Lamy presentó un borrador en el que propone un compromiso de la Unión Europea (UE) para recortar los actuales 176 a 116 euros por tonelada como arancel a los plátanos importados, que provienen principalmente de América Latina. Esta reducción, según el documento que Lamy ha puesto sobre la mesa, se realizaría en diferentes etapas a lo largo de siete años.
Según Espinosa, las informaciones sobre el curso de las negociaciones sobre esta cuestión son "muy confusas" y pidió "prudencia" hasta aclarar cuál es la postura al respecto de los países latinoamericanos y "si mantienen la posición de Lamy o la modifican".
La propuesta multilateral "da, en cierta medida, una salida a una situación complicada, pero creemos que deberían incrementarse los años y que la disminución fuera en tramos más pequeños que los planteados en la propuesta, la cual puede ser aprobada o no", explicó Espinosa.

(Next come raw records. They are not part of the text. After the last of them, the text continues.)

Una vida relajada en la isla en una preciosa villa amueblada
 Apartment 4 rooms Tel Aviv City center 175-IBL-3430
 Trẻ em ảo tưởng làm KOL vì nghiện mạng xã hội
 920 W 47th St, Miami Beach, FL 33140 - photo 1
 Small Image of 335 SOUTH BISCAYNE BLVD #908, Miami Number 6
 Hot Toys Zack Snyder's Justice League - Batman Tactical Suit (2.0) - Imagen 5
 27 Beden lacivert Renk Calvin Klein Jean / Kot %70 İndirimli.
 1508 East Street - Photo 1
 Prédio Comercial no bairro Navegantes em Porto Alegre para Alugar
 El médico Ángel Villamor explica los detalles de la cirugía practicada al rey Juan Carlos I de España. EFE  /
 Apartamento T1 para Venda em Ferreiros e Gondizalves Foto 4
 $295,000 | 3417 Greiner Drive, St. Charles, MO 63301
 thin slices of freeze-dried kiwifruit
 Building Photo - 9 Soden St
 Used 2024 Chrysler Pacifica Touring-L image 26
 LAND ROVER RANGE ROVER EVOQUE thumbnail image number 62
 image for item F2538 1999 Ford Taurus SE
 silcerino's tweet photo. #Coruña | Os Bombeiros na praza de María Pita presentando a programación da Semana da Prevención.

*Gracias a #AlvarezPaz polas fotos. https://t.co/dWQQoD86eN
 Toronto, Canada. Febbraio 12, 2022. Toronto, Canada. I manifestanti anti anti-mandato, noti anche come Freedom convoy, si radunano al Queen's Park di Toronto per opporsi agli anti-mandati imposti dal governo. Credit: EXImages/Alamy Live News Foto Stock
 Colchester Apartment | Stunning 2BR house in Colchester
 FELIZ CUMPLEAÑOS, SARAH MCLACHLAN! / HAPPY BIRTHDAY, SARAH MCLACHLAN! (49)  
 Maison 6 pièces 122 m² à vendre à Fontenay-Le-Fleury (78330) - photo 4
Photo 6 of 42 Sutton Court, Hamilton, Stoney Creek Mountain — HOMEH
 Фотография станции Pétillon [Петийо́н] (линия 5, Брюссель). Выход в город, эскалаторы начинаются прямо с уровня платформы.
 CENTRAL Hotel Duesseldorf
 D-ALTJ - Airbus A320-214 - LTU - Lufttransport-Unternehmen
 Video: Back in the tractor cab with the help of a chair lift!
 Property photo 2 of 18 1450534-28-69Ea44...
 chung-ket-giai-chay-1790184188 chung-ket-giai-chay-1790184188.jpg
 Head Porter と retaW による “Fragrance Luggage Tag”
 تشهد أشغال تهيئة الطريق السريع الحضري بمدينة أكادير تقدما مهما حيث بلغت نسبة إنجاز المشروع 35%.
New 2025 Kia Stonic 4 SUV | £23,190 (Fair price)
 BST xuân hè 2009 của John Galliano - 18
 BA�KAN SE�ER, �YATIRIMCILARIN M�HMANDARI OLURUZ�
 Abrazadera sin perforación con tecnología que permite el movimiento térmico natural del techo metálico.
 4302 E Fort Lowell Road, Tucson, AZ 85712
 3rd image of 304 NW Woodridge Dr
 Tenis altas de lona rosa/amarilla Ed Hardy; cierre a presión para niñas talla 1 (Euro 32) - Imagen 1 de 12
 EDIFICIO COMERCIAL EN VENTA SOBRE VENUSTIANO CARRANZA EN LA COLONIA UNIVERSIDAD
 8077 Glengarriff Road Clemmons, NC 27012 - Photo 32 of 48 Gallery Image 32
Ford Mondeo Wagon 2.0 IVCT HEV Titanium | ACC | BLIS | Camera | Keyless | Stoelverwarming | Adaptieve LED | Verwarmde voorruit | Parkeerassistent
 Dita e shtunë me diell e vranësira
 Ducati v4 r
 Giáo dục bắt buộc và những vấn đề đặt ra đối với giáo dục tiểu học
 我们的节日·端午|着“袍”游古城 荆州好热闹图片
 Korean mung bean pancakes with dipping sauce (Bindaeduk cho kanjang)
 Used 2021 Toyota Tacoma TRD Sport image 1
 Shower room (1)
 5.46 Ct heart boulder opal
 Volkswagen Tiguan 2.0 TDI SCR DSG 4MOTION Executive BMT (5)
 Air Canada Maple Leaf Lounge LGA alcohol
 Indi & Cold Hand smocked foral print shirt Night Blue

Por su parte, la Comisaria europea de Agricultura, Mariann Fischer Boel, recordó en rueda de prensa que la UE "ha sufrido once litigios a causa del banano en los últimos años" y "los hemos perdido todos". En consecuencia, estimó que es necesaria una "cláusula de paz" que ponga fin a este contencioso y alentó a que se logre un acuerdo que permita el equilibrio entre las demandas de los países productores de banano en la UE, los países de África, Caribe y Pacífico (ACP) y los latinoamericanos.
Asimismo, el Ministro de Agricultura francés y Presidente de turno del Consejo de Agricultura y Pesca, Michel Barnier, reconoció que los aranceles a la importación de banano son asunto de discusión y que durante una reunión realizada ayer varias delegaciones de países productores "expresaron su preocupación" por el desmantelamiento de los gravámenes.
El curso de las negociaciones en la OMC ha sido abordado durante el Consejo de ministros europeos que se celebra en Bruselas, durante el cual la mayor parte de los Estados miembros expresó sus "preocupaciones". Barnier señaló como principales reticencias el "temor" a que se produzcan desequilibrios y que "suponga un debilitamiento de la agricultura europea".
Ante las reuniones oficiales que se iniciarán la próxima semana en Ginebra en el marco de la OMC, Fischer Boel pidió el apoyo de los ministros europeos para demostrar unidad y reprochó que "algunos socios hayan sido poco flexibles" en sus posiciones. "Si las cosas no salen bien vamos a señalar con el dedo a aquellos que no han contribuido a lograr una acuerdo”, arremetió la Comisaria.